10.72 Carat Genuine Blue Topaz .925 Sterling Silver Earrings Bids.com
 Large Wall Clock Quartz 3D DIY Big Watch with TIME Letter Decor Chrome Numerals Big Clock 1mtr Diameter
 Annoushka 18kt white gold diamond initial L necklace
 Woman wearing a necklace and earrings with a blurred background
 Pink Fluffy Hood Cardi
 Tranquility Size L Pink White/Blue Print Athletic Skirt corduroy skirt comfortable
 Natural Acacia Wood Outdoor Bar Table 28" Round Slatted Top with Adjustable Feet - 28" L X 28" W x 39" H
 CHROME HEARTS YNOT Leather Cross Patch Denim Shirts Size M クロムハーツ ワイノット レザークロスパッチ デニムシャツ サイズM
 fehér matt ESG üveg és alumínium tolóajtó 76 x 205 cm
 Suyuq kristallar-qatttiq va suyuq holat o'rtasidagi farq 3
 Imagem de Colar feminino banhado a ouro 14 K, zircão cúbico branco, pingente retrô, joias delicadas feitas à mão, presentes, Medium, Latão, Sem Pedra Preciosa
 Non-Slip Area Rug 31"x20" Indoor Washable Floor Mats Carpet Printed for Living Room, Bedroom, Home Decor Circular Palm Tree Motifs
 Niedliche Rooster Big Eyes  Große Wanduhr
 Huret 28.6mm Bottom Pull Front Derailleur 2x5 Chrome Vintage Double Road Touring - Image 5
---------------
▸ **Task instructions**:
Scan the material above. Copy each line that holds the word "with".

▸ **Result below**:
 Large Wall Clock Quartz 3D DIY Big Watch with TIME Letter Decor Chrome Numerals Big Clock 1mtr Diameter
 Woman wearing a necklace and earrings with a blurred background
 Natural Acacia Wood Outdoor Bar Table 28" Round Slatted Top with Adjustable Feet - 28" L X 28" W x 39" H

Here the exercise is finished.